Constants and Compiler

This question is about how the compiler deals with numerical constants at compile time.

The following code compiles without using the overflow operators &**, etc. However at runtime, for large numbers inputs, it gives runtime overflow errors.

But most of these numbers are just representations of constants I thought would be precomputed at compile time, e.g. 46 &* 10 &**8 is the constant 4_600_000_000.

Is my thinking wrong?
And in cases like this, is it better (for speed, mem, etc) to write out the values explicitly as constant numbers, or will the compiler do that anyway (but it seems it doesn’t)?
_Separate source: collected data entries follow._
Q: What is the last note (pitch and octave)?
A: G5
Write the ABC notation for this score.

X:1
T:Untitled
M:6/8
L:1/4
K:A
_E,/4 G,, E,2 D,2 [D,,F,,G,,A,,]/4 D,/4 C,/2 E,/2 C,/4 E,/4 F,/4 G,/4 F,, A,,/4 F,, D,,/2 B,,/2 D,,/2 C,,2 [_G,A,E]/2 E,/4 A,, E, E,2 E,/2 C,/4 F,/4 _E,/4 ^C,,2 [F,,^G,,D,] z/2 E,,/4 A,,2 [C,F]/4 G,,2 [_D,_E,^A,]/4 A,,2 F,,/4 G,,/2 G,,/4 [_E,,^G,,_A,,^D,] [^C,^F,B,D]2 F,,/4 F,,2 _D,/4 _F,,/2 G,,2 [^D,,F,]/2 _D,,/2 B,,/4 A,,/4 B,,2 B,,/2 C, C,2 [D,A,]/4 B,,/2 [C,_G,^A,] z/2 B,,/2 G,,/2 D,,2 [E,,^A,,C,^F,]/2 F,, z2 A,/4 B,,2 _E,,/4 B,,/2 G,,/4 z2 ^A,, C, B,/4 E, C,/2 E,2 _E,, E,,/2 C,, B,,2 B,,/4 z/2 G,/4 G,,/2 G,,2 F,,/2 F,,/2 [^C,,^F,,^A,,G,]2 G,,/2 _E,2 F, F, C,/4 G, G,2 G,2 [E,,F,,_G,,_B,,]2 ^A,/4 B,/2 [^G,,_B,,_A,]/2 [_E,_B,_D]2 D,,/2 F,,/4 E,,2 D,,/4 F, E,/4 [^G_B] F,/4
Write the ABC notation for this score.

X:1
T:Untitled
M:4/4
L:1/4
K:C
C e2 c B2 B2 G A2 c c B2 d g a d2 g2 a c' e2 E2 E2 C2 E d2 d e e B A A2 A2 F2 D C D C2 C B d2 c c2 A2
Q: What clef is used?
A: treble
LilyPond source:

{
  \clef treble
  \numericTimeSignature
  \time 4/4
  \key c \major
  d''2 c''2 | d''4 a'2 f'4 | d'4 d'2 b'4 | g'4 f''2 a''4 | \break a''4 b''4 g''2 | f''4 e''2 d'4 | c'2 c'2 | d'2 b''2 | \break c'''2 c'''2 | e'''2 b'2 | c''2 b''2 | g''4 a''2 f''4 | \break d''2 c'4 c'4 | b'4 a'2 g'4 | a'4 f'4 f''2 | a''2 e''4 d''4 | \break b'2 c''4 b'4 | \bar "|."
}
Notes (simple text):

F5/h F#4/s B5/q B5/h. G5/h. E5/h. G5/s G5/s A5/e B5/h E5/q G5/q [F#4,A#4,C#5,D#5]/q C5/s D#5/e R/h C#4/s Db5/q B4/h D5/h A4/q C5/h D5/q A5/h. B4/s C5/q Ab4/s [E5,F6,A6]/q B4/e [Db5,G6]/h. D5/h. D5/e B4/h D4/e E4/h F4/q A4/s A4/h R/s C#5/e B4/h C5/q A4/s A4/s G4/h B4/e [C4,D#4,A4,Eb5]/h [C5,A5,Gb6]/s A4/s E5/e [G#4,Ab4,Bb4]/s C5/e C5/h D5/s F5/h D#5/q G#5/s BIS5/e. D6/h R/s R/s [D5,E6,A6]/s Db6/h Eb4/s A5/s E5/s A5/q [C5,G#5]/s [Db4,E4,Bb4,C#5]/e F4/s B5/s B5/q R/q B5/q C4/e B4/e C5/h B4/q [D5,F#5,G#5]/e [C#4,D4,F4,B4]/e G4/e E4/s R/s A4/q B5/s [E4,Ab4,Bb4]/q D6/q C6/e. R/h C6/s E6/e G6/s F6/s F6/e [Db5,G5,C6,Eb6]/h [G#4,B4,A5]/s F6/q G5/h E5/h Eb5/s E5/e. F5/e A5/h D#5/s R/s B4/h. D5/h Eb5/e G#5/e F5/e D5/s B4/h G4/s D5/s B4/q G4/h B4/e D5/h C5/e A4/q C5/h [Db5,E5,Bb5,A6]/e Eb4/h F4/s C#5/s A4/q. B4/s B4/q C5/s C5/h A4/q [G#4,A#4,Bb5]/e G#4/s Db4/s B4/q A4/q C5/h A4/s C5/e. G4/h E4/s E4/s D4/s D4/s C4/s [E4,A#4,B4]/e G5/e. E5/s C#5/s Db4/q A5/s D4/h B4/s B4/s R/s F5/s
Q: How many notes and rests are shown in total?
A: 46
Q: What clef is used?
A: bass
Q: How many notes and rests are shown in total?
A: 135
def select_pg(endnum, startnum)
  start_num = end_num = typeof(endnum)
  end_num = endnum;  start_num = startnum
  range = end_num - start_num
  pg = 5
  if start_num <= isqrt(end_num) #.to_u64   # for one array of primes upto N
    pg =  7 if end_num >  50 * 10 &**4
    pg = 11 if end_num > 305 * 10 &**5
  else                                      # for split array cases
    pg =  7 if (10&**6 <= range < 10&**7 && start_num < 10 &**8)        ||
               (10&**7 <= range < 10&**8 && start_num < 46 &* 10 &**8)  ||
               (10&**8 <= range < 10&**9 && start_num < 16 &* 10 &**10) ||
               (range >= 10&**9 && start_num < 26 &* 10 &**12)
    pg = 11 if (10**8 <= range < 10&**9 && start_num < 55 &* 10 &**7)  ||
               (range >= 10&**9 && start_num < 45 &* 10 &**9)
  primes = [2, 3, 5, 7, 11, 13].select { |p| p <= pg }
  {primes, primes.product} # [excluded primes, modpg] for PG

There are no constants involved here. It seems you assume arithmetic operations between number literals to be evaluated at compiler time. This is not the case. Operators can be overloaded, so the value of these expressions can only be determined at runtime.

The default type for all number literals is Int32 and that’s also the data type of arithmetic operations between Int32 types. The result of some calculations (for example 10 ** 10) doesn’t fit into Int32, so that’s why it overflows.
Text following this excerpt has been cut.